* **The problem**:
Pull out the lines from the one containing "After we are" through the final line of the listing below and repeat them exactly. Leave the pictures behind.

* **Information supplied**:

Segment Open

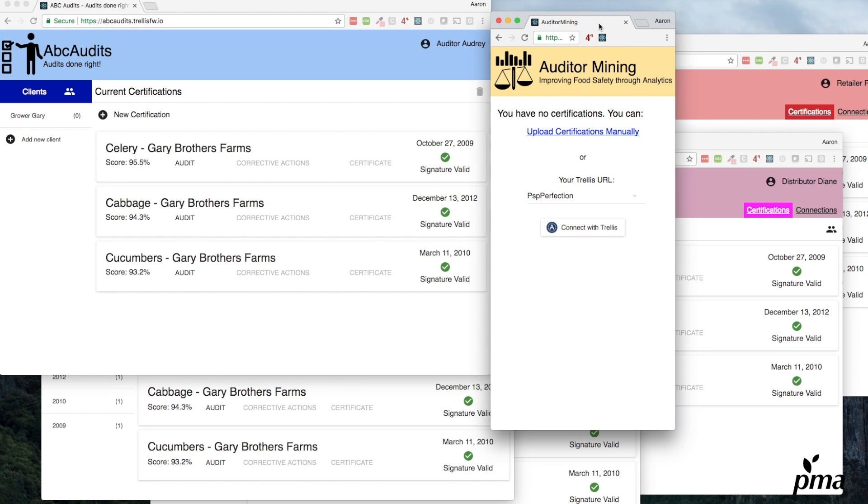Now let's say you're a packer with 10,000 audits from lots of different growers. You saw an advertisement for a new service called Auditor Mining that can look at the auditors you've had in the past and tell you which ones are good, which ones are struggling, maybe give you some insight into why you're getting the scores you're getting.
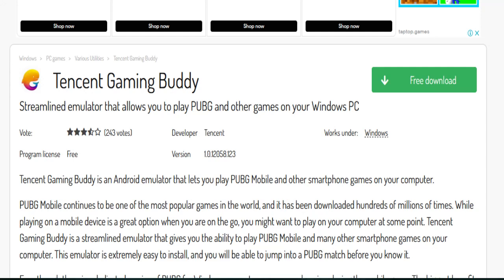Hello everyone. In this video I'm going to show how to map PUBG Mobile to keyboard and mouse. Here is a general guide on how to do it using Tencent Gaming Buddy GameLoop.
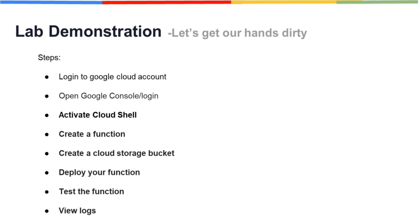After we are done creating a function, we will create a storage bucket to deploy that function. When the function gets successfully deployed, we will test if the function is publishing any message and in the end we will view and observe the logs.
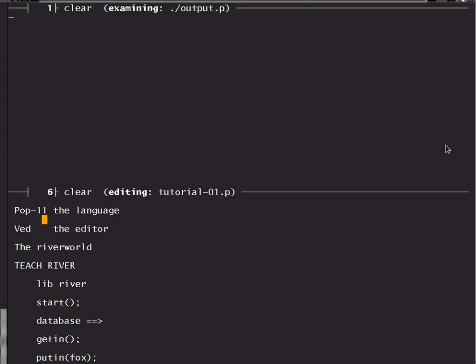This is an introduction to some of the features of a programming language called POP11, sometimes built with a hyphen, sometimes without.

Segment Closed

* **Answer section**:
After we are done creating a function, we will create a storage bucket to deploy that function. When the function gets successfully deployed, we will test if the function is publishing any message and in the end we will view and observe the logs.
This is an introduction to some of the features of a programming language called POP11, sometimes built with a hyphen, sometimes without.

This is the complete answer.